Speaking against Brown's amendment was Stated Clerk Paul Gilchrist, who expressed concern about the possible cost of providing to news media all requested material. Also speaking against were members of the Administrative Committee.
Speaking in support of the amendment was a member of the press who was also a commissioner. He spoke of the importance of the denomination cultivating good relations with the media; and claimed that when he had requested fifteen pages of material from last year's Assembly, his news organization was in essence charged fifteen dollars for the information by the Stated Clerk's Office. "A dollar a page" was, in his estimation, "a little steep."
The Assembly, however, overwhelmingly voted down the amendment.

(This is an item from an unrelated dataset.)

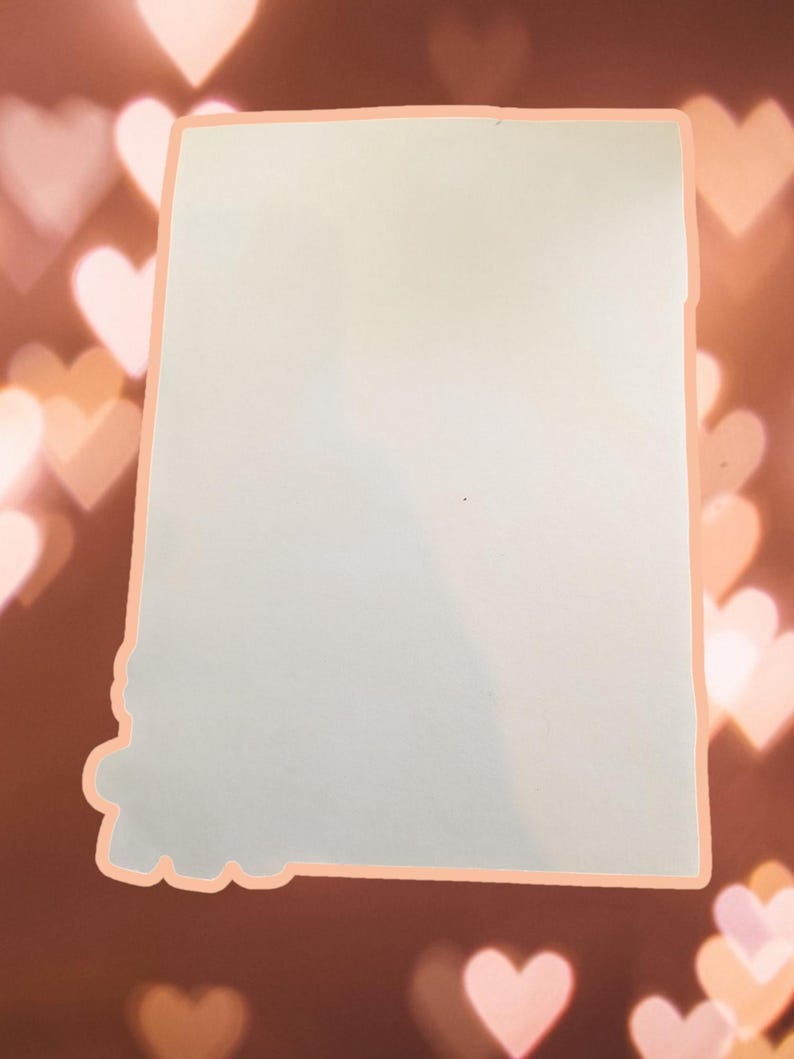 May include: A blank white card with a light peach border. The card is against a background of out-of-focus pink hearts.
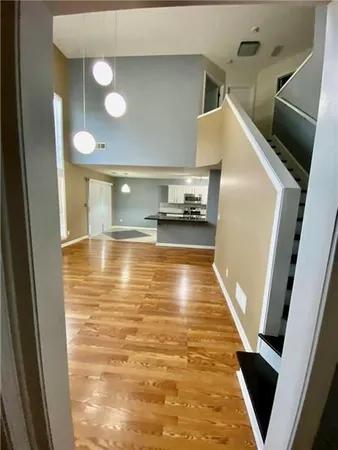 a view of a kitchen with a sink and wooden floor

The transfer of a News Office from CE/P represents the first serious attempt in a decade to have the church at the Assembly level interface with the media.
In 1984, the General Assembly voted "That because the PCA continues to grow nationally and internationally and because it is important to keep our mission before the world; that the General Assembly allow the CE/P Committee and the Stated Clerk of the General Assembly to develop a plan to establish a denominational news office and that a report of the progress be made to the 13th General Assembly" (M12GA, p. 106).

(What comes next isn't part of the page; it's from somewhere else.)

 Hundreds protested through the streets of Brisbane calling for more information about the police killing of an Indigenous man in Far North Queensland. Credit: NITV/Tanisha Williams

The next year, the Assembly decided "That consideration of an official PCA news office be presented to the Fourteenth General Assembly" (M13GA, p. 87). In 1986, the General Assembly voted to "appoint the editor of the Messenger as the News Officer of the Presbyterian Church in America and allocate appropriate funds for his activities . . ." (M14GA, p. 146).
The next year, the Assembly amended "its appointment of the editor of the Messenger as the News Officer of Presbyterian Church in America . . . by not designating a News Officer at this time, but that such designation be delayed until the subcommittee of COA studying this matter reports its recommendation" (M15GA, p. 190).
The 1988 General Assembly did approve, as part of CE/P's budget, the establishment of a News Office (M16GA, p. 297). However, apparently no one was appointed to fill that post.
In 1993, Southern Florida Presbytery overtured the General Assembly to establish a News Office for the denomination under the Administrative Committee, "specifically to promote the Presbyterian Church in America externally to the press and media of what the Presbyterian Church in America is doing and what positions it has taken on issues of interest and concern to the general public." In answering that overture in the negative, the General Assembly noted "there exist a multitude of ways in which to promote the PCA without the need of a public relations office", thereby implying that no such office existed; and also declared, "Our duty to be the salt of the earth and light to the world is to be carried out by the members and ministers of the covenant community individually and in the courts of the church as commanded by our Lord, rather than by abandoning our duties by delegation" (M21GA, pp. 158-159).